Correlation Between John Marshall and PCB Bancorp
Can any of the company-specific risk be diversified away by investing in both John Marshall and PCB Bancorp at the same time? Although using a correlation coefficient on its own may not help to predict future stock returns, this module helps to understand the diversifiable risk of combining John Marshall and PCB Bancorp into the same portfolio, which is an essential part of the fundamental portfolio management process.
By analyzing existing cross correlation between John Marshall Bancorp and PCB Bancorp, you can compare the effects of market volatilities on John Marshall and PCB Bancorp and check how they will diversify away market risk if combined in the same portfolio for a given time horizon. You can also utilize pair trading strategies of matching a long position in John Marshall with a short position of PCB Bancorp. Check out your portfolio center. Please also check ongoing floating volatility patterns of John Marshall and PCB Bancorp.

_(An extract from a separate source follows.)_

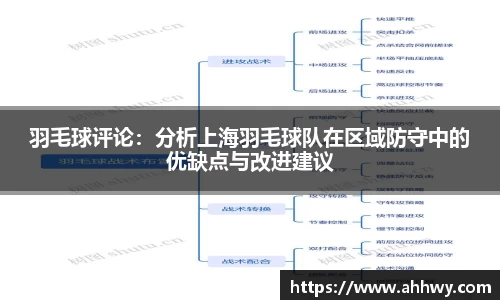 威廉希尔官方网站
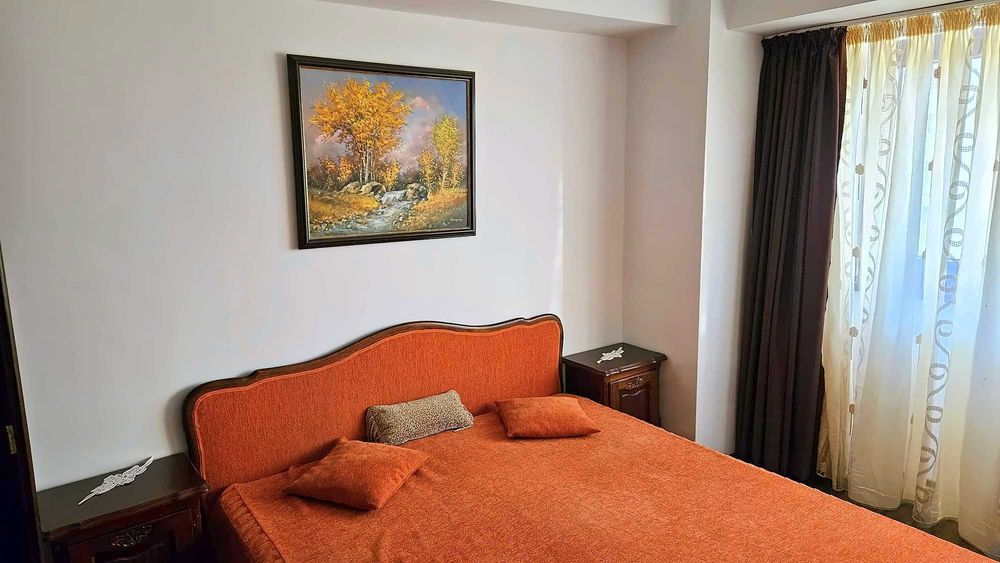 Colentina 76, langa scoala nr. 39, apartament 3 camere, direct proprietar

Diversification Opportunities for John Marshall and PCB Bancorp
0.37 | Correlation Coefficient |
Weak diversification
The 3 months correlation between John and PCB is 0.37. Overlapping area represents the amount of risk that can be diversified away by holding John Marshall Bancorp and PCB Bancorp in the same portfolio, assuming nothing else is changed. The correlation between historical prices or returns on PCB Bancorp and John Marshall is a relative statistical measure of the degree to which these equity instruments tend to move together. The correlation coefficient measures the extent to which returns on John Marshall Bancorp are associated (or correlated) with PCB Bancorp. Values of the correlation coefficient range from -1 to +1, where. The correlation of zero (0) is possible when the price movement of PCB Bancorp has no effect on the direction of John Marshall i.e., John Marshall and PCB Bancorp go up and down completely randomly.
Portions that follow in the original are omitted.